If the formatting guy you have frustrates you, get someone else. I have good experience with: http://www.polgarusstudio.com/format-your-book/ Clear communications, fast delivery, excellent product.

Hang in there, ok? 

And keep writing. Not for others but yourself and folly's sake. Indie publishing can be frustrating, and no doubt is at time for everyone. So be it. Just roll with the punches.


----------



## ScriptLand (Feb 9, 2013)

I agree with France.  If you want, I will beta your work, on the house.  Shoot me an email.  I hate to see people throw in the towel, well, that's partly because there's six in my household and I have an awful lot of laundry to do.  But, seriously, I won't bite.  I promise I won't even proofread or edit.  I'll just give you straight up honest feedback.  

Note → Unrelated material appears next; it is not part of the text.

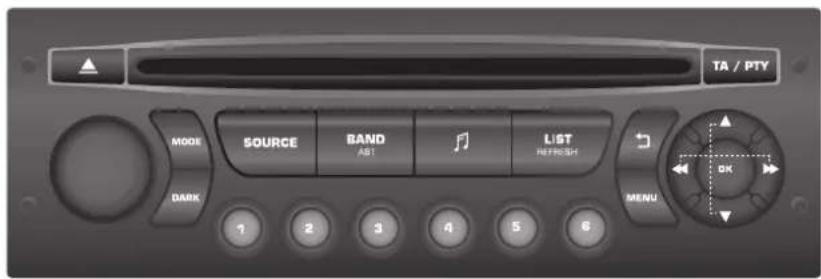 TA / PTY MODE SOURCE BAND LIST DARK AS1 REFRESH 7 2 3 4 5 6 MENU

And, I'm so not a techie, but I don't think it's hard to format an eBook.  That's small potatoes.  Writing is the meat.


----------



## JumpingShip (Jun 3, 2010)

Sorry to hear this but glad you're sticking around the board. Can I tell you about the horrible formatting problems I had back when I first published? For some reason, I kept getting paragraphs that would shift to almost the middle of the page. There weren't many for hire formatters then and even if there were, I couldn't have afforded one. I didn't have a Kindle even and on the Kindle for PC, it looked fine. It was so frustrating! I didn't even have MS Word, and Open Office would freeze all the time on my computer, so I was using two other free word processors (although most of the book was written on Google Docs to allow my beta to give advice as it was written--the Google Docs might have caused some of the issues.) It wasn't until I figured out how to see ALL of the html code--which I could only do using one of the free word processors, that I was able to fix it. I found the spot where I knew, via a friend who sent me a picture of the problem on her Kindle, and saw a small change in the html there. It used a code 'div' (can't remember what the right code was--but it was different). So, I copied the code where it was correctly formatted, and had to replace that code in many places throughout the book. 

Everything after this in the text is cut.